Focus on the goal, not the age?

I keep wondering why so many posts on this site revolve around something like “Am I crazy for trying for med school at age XX” or “Am I too old for med school?,” etc. Some of this questioning, soul searching revolves around the upheaval that embarking on a premed track, then med school will incur in someone’s lives. For most of us, it is a big deal to leave one career for another. Change is scary; the loss of income – especially in a weak economy – is disconcerting. Then there is the upheaval of family and home life. We have to endure the criticisms from others and our own consciences. There are those who think that starting a new career later in life is a major challenge. And it is, especially for those of us who have had established careers.
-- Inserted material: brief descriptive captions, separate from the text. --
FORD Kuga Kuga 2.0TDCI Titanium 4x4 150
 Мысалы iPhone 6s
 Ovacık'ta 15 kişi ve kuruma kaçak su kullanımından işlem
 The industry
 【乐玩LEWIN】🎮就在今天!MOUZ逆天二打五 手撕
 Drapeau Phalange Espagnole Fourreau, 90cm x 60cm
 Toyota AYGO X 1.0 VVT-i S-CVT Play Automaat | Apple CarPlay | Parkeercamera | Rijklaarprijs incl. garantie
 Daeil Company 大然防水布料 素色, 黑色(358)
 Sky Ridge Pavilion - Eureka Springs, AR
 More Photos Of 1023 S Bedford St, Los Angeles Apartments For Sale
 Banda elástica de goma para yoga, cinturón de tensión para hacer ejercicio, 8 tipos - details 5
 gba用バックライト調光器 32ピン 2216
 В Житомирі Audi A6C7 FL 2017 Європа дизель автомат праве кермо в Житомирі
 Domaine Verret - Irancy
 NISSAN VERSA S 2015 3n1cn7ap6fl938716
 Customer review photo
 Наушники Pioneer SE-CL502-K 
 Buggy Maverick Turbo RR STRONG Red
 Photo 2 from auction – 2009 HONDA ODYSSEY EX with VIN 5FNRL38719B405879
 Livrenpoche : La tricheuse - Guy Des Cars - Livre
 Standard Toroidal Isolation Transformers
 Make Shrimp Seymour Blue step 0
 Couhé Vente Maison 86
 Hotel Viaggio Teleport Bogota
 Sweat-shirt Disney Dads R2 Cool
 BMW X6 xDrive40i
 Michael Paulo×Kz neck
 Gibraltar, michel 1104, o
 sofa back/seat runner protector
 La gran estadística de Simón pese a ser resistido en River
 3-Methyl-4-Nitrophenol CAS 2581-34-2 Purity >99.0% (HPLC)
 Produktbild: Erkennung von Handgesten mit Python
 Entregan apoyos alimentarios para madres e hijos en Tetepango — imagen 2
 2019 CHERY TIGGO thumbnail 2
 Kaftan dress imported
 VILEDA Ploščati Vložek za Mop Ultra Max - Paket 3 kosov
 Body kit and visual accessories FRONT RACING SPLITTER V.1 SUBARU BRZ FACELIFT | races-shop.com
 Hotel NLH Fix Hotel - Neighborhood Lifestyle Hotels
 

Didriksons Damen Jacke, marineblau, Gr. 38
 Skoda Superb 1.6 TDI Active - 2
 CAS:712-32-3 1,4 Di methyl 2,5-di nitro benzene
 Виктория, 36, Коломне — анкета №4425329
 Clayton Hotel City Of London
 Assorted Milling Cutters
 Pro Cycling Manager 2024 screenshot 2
But I suspect that most people posting questions related to age are concerned that their age will limit them in applying to medical school. But look at other fields: Lots of people change careers or embark on new careers at different ages. People go to law school in their 50s and 60s. Take up acting lessons in their 80s. Go back and get that PhD in their 70s. Medicine ideally should be no different.

So why are so many posts on this site about age?

I think the reason has more to do with the fact our culture/society has been accustomed to looking at medicine as a medical career that medical students must choose early, because youth and the accompanying stamina is needed to get through the rigors of medical school. But just as medicine used to be a field that was dominated by men, where female applicants were discouraged, it is still looked at as being a “young person’s” profession. Practicing medical is demanding and those demands have traditionally been met by the young; and along these lines, our society has continually upheld the the idea that doctoring is for the young. Think of all the references in our vernacular and media that make reference to “young doctors.”

During the 1970s, medical school routinely turned away applicants in their 30s on the basis that these applicants were too old. Now, people (mostly women) in their 40s and 50s are going to medical school. Despite this progress, the stereotype that one must be youthful to go to medical school still lingers in the social milieu. I look forward to the day when our society will have matured to a point where people will no longer consider age a major issue when they decide to apply to medical school. But that day is probably a ways off.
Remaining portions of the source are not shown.